* **Work instructions**
In the listing below, find the line with "Our question today" and the line with "Discover the Cordless". Repeat those two lines and all lines between them exactly.

* **Provided information**
★ ★ ★ ★ ★

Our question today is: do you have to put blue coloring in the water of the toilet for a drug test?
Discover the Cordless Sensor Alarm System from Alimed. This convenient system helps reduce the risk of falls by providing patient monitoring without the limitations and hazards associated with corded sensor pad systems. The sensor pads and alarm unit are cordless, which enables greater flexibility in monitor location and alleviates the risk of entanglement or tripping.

★ ★ ★ ★ ★

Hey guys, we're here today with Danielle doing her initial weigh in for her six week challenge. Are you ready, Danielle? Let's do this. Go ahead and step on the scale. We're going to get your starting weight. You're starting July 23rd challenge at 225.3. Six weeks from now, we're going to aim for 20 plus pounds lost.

★ ★ ★ ★ ★

* **Result of this exercise**
Our question today is: do you have to put blue coloring in the water of the toilet for a drug test?
Discover the Cordless Sensor Alarm System from Alimed. This convenient system helps reduce the risk of falls by providing patient monitoring without the limitations and hazards associated with corded sensor pad systems. The sensor pads and alarm unit are cordless, which enables greater flexibility in monitor location and alleviates the risk of entanglement or tripping.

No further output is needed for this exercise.